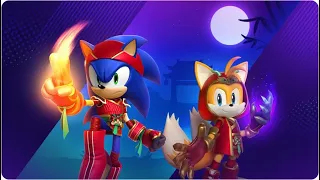 NEW EVENT IN SONIC DASH NEW SKINS THERE KINDA HARD TO GET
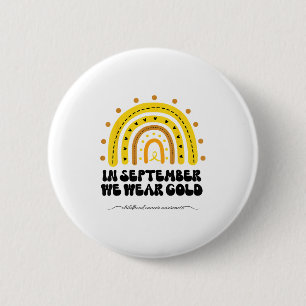 Rainbow In September Childhood Cancer Awareness 6 Cm Round Badge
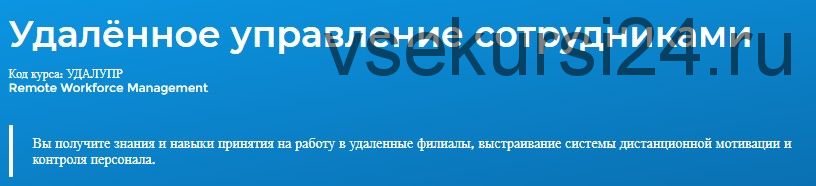 [Специалист] Удалённое управление сотрудниками (Елена Шульга)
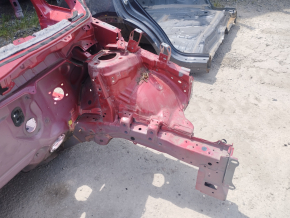 Front left quarter Toyota Prius V 12-17 red, on the body, dented threshold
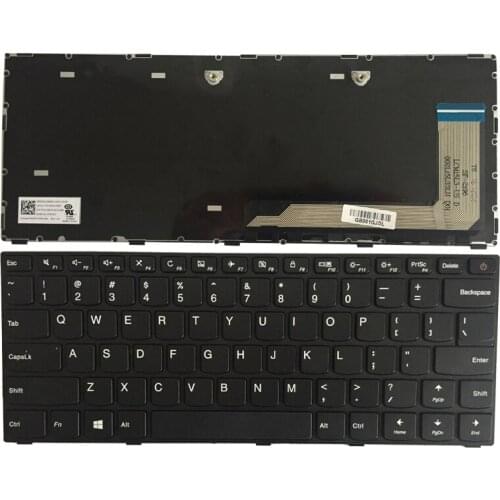 New US keyboard FOR Lenovo IdeaPad 110-14 110-14ISK Laptop Keyboard US Black Frame Black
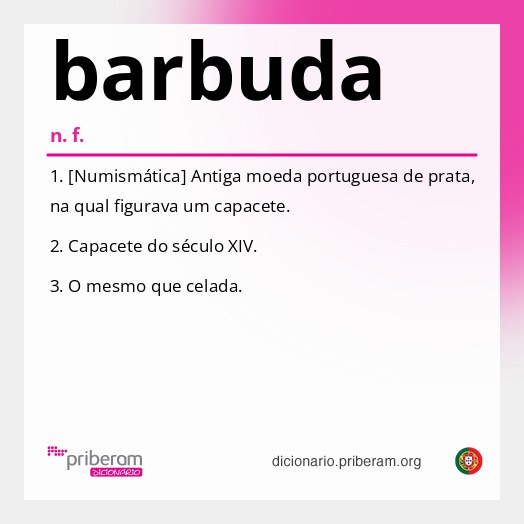 Significado de barbuda
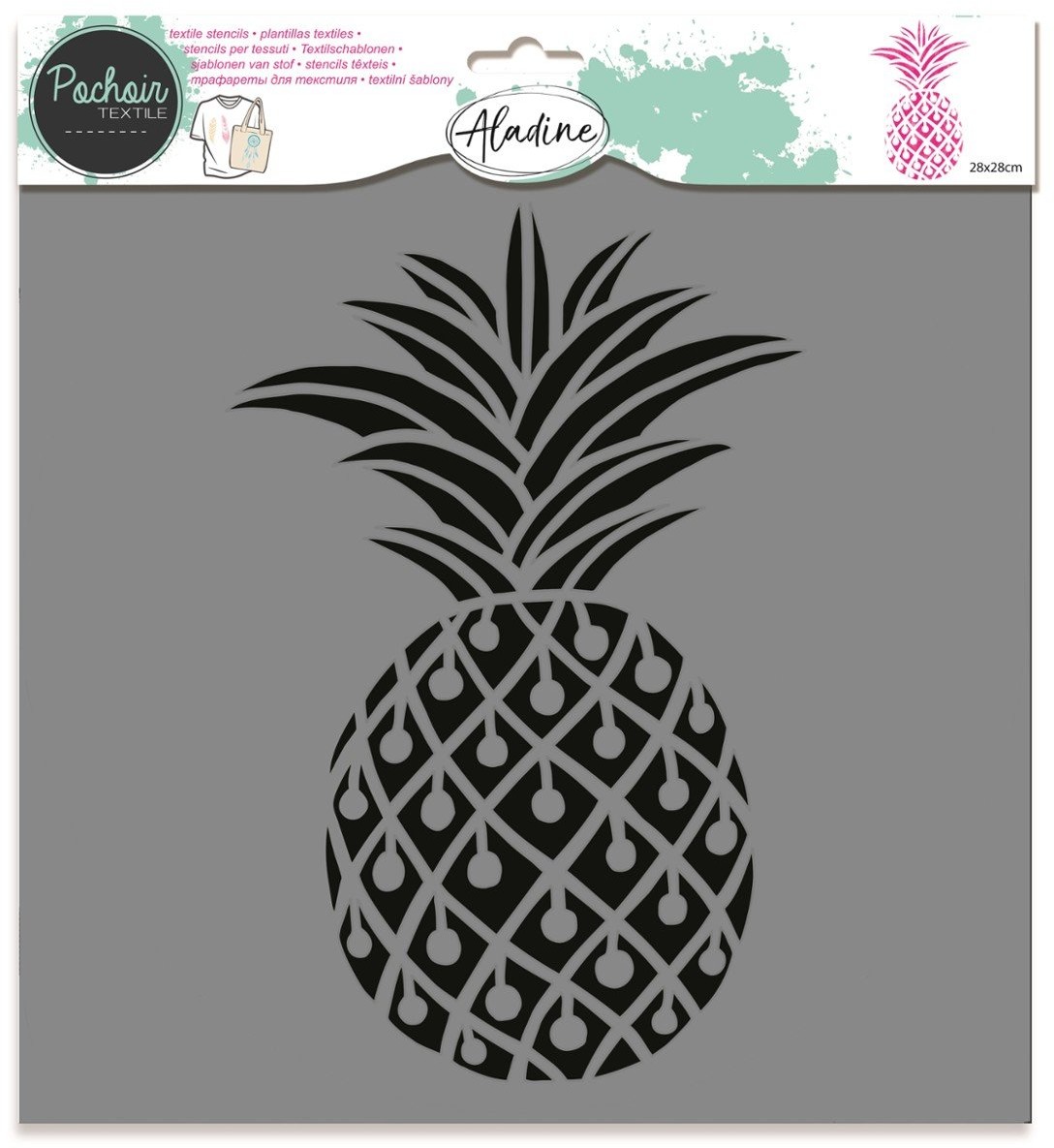 Aladine Szablon, Ananas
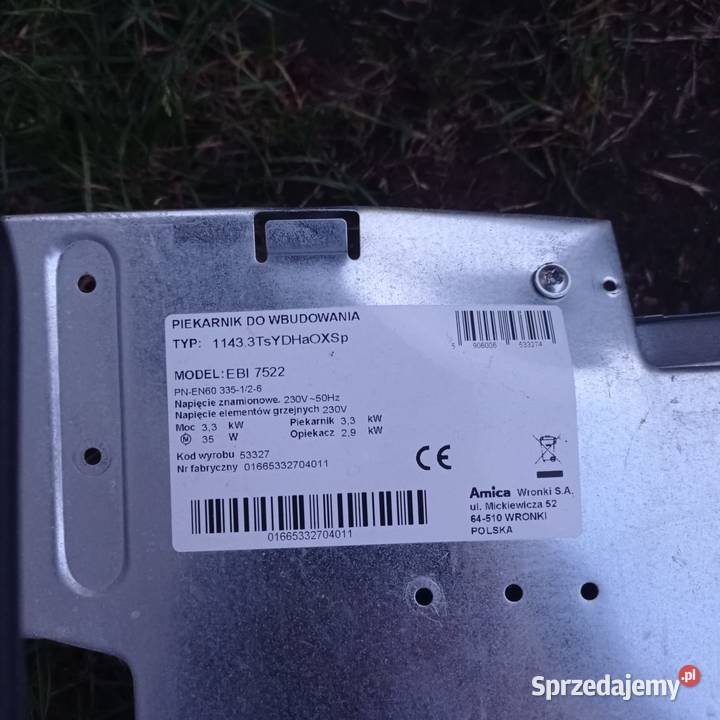 TERMOSTAT PIEKARNIKA AMICA EBI 7522 Inne Kamień Pomorski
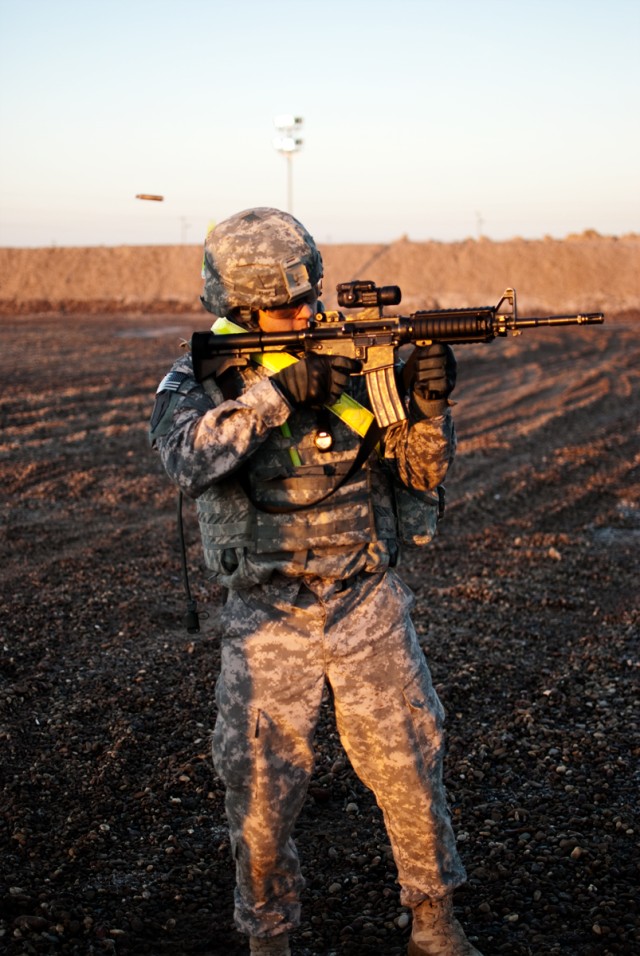 Deployed troops compete in combat skills competition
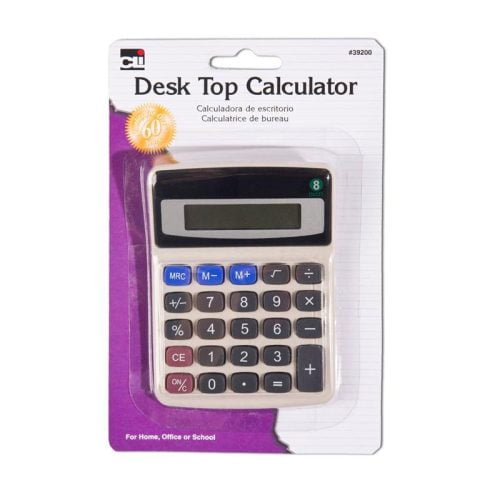 Basic Desk Top Calculator Set of 12 Calculators Inc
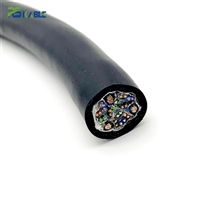 纯铜超五类双绞线带电源组合一体电缆 耐弯折耐磨耐油
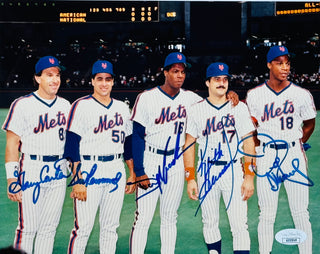 New York Mets Greats Autographed 8x10 Baseball Photo (JSA)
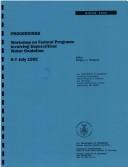 Workshop on Federal Programs Involving Supercritical Water Oxidation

================

Task :: Your output should be the lines above from the one that contains "Rainbow In September" through the one that contains "Significado de barbuda", word for word, with pictures left out.

Result ::
 Rainbow In September Childhood Cancer Awareness 6 Cm Round Badge
 [Специалист] Удалённое управление сотрудниками (Елена Шульга)
 Front left quarter Toyota Prius V 12-17 red, on the body, dented threshold
 New US keyboard FOR Lenovo IdeaPad 110-14 110-14ISK Laptop Keyboard US Black Frame Black
 Significado de barbuda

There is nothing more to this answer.